In the community at St. Mary’s Ryken High School and the Fraternity of Communion and Liberation, Trossbach said she found just that: “a community of students who were looking to deepen their relationship with Christ,” she said.
As a student athlete and a leader on campus, Trossbach also found support in a community where she “learned that being a disciple of Christ also meant sharing your faith and loving to evangelize with others.”
Trossbach served as a Xaverian Brothers Sponsored School Steward and a retreat leader at St. Mary’s Ryken and also played several different sports – track, softball and field hockey.
Some of her favorite memories from high school took place during the school’s retreats. As a retreat leader, Trossbach said she had a “really good experience because I learned being a disciple of Christ also meant sharing your faith and loving to evangelize with others.”
As a senior, she led the junior retreat and one of the most powerful moments, she said, was participating in the Mass at the end of the retreat.

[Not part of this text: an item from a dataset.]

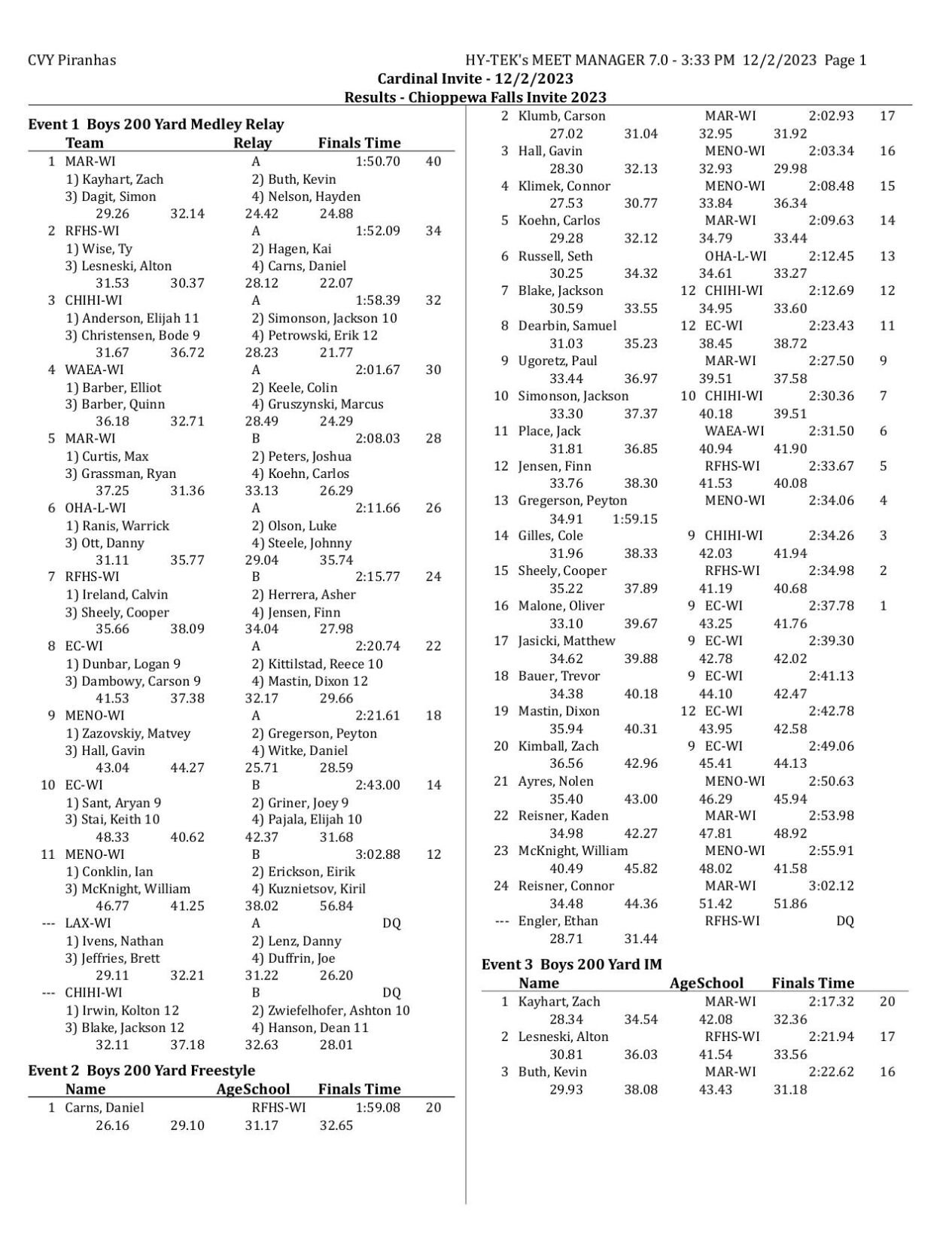 [Letter3 5] Usms Meet Results - hqlxgka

“It’s just a great way to get away from school, encounter friends in a new light, all centered around Christ and growing your faith,” Trossbach said.
Outside of school, Trossbach has been involved with Communion and Liberation’s high school community, Gioventu Studentesca, a student group that meets to read from the writings of Father Luigi Giussani. Father Giussani was a Catholic priest who began a movement to create and educate Catholic communities around the world.

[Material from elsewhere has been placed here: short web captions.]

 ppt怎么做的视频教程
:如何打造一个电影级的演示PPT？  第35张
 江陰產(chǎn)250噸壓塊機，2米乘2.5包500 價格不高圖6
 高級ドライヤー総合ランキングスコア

One of her favorite classes at St. Mary’s Ryken was theology, Trossbach said, which began with the foundations found in Aristotle’s ideas about virtue – and eventually opened her eyes to a deeper understanding of faith, which she said she credits to her teachers and their passion for the faith and for teaching.

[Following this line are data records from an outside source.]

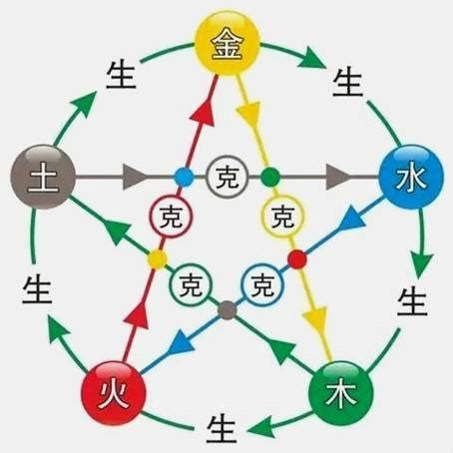 海中金男|八字納音五行解析——海中金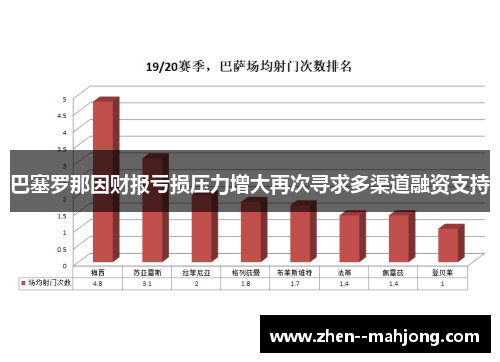 巴塞罗那因财报亏损压力增大再次寻求多渠道融资支持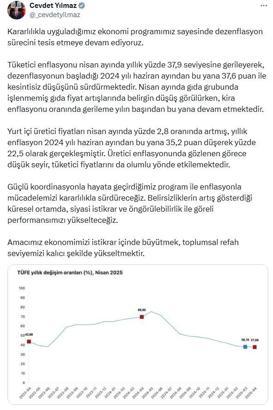 Cumhurbaşkanı Yardımcısı Yılmaz: Amacımız, toplumsal refah seviyemizi yükseltmektir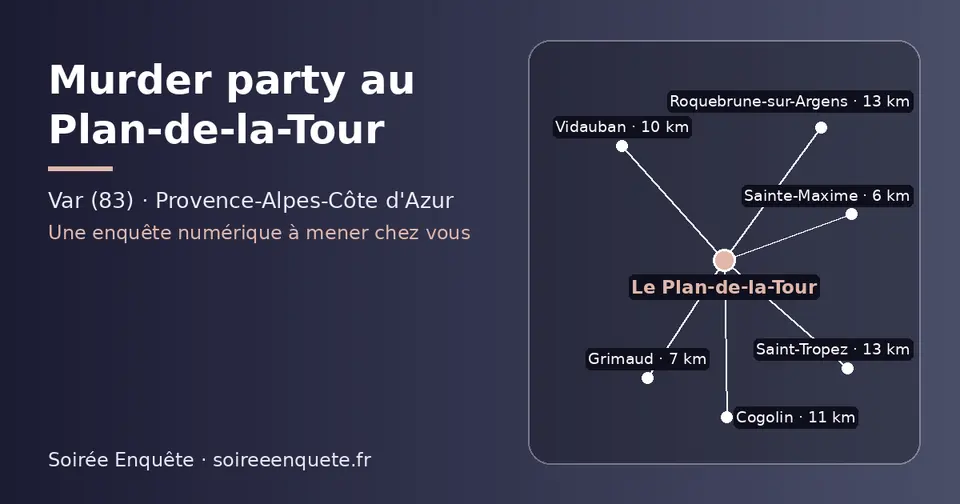 Carte schématique : Le Plan-de-la-Tour et les communes voisines présentées sur ce site (Sainte-Maxime, Grimaud, Vidauban, Cogolin, Saint-Tropez, Roquebrune-sur-Argens)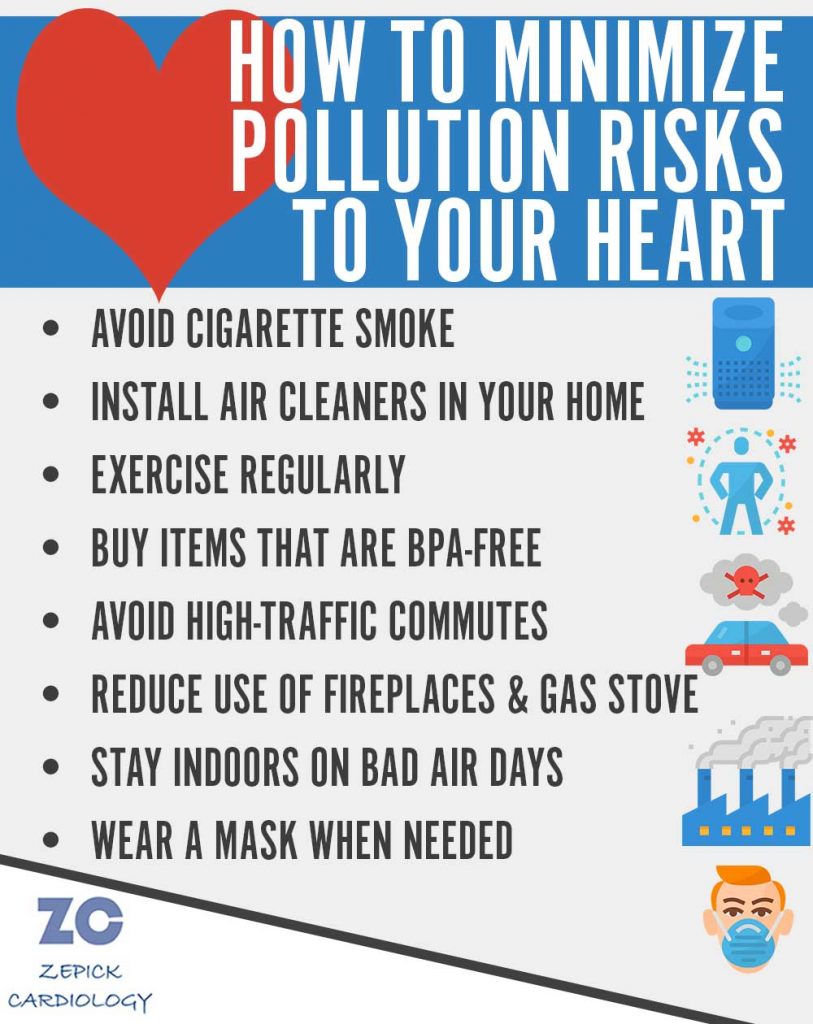 8 tips to protect your heart from pollution exposure including traffic change, masks, use of gas stoves and exercies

As she heads off to Franciscan University in Steubenville, Ohio to study education, Trossbach said she looks forward to finding a similar community to that at St. Mary’s Ryken – a “vibrant and joyful” community of young people rooted in the faith, she said.
Leaving St. Mary’s Ryken, Trossbach said one of the school’s biggest blessings was being able to attend Mass every day in the chapel.
“During X-hour… I’d always be there with a group of friends saying the rosary and attending Mass,” she said. “It’s really about an encounter with something more… Being able to go to Ryken was a really huge blessing.”
And while she is excited to begin her next adventure in the fall, Trossbach said the impact the St. Mary’s Ryken had on her and her future was profound.
“The love and joy that the (St. Mary’s Ryken) faculty and staff have for their students was a constant help and inspiration for me when I struggled to balance school, extracurricular activities, and my faith life,” she said. “I could come to them with more than just questions about schoolwork, but for meaningful advice as well.”